Vale assistir “Efeito Fallout”? Despindo-se de entendimentos mais profundos e abstraindo-se as barbaridades que se irá presenciar, será divertido, principalmente numa sala de cinema. Mas que dá vontade de voltar pra casa e ver Ethan Hunt pendurado por um cabo em uma sala de sensores de movimento para roubar um simples disquete, ah, dá.
por Vágner Rodrigues
Vou ser sincero, eu gostei desse tiro. |
Quando uma importante missão não sai como o planejado, Ethan Hunt (Tom Cruise) e o time do IMF unem forças em ação numa corrida contra o tempo para acertar as contas com os erros do passados.
Como a maioria dos filmes de ação modernos, "Missão: Impossível - Efeito Fallout" é uma bagunça no roteiro. Cheio de viradas e mudanças de lado entre os personagens, e vai e volta, não se sabe quem é amigo ou inimigo... É uma confusão! Devo confessar que cheguei mesmo a ficar perdido em determinado momento. O que compensa é a ação.
Tecnicamente o filme tem grandes acertos. O direto Christopher McQuarrie tem um ótimo controle de câmera, sabe filmar ação, suas sequências de perseguição seja de carro, moto ou helicóptero, são simplesmente espetaculares. A trilha também é algo que chama muito atenção no modo como dialoga bem com as cenas, fazendo realmente parte delas, o que é espetacular ainda mais que o tema da franquia aparece tocado várias vezes em ritmos diferentes.

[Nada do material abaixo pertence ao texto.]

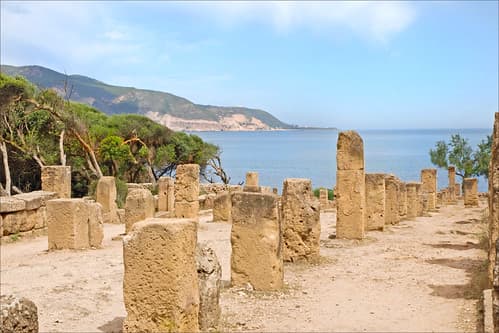 Les ruines de la ville romaine (Tipaza, Algérie)
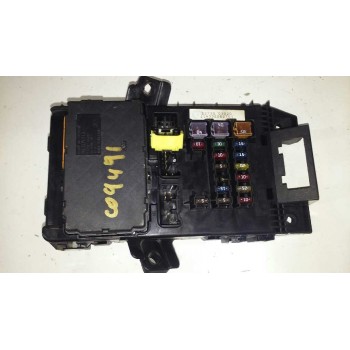 Recambio de caja reles / fusibles para toyota avensis berlina (t 22) 1.6 luna (4-ptas.) referencia OEM IAM 8273005020  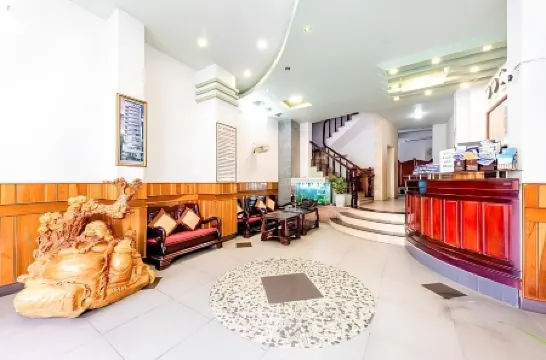 Minh Cat Hotel Отели рядом со станцией Nha Trang Train Station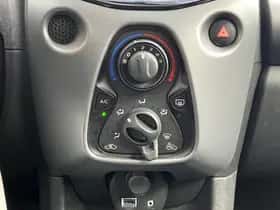 Toyota Aygo (2018) thumbnail 27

Que Tom Cruise é louco não é nenhuma novidade, mas que é uma ótima loucura, isso é! O fato de ele fazer todas suas cenas de ação, sem dublês, faz com que o filme use menos efeitos e jogos de câmera nas seqüências de luta, tornando a ação mais frenética e também mais real. Fora Tom, que esta sempre bem nos filmes da franquia, o restante do elenco cumpre bem seus papeis, com destaque para Henry Cavill que achei que não fosse gostar de seu personagem, mas até que acabou entregando algo; e Rebecca Ferguson, que consegue desenvolver um bom papel feminino de bastante força.
"M:I 6" é cheio de homenagens e referências aos filmes anteriores da franquia repetindo, por exemplo, a cena da escalada na montanha. Se a historia está cada vez mais um fiapo, o que resta é se agarrar à ação e à adrenalina de “Missão Impossível” e às loucuras de Tom Cruise. Você não só não vai se arrepender, como ainda vai sair cansado de tanta ação.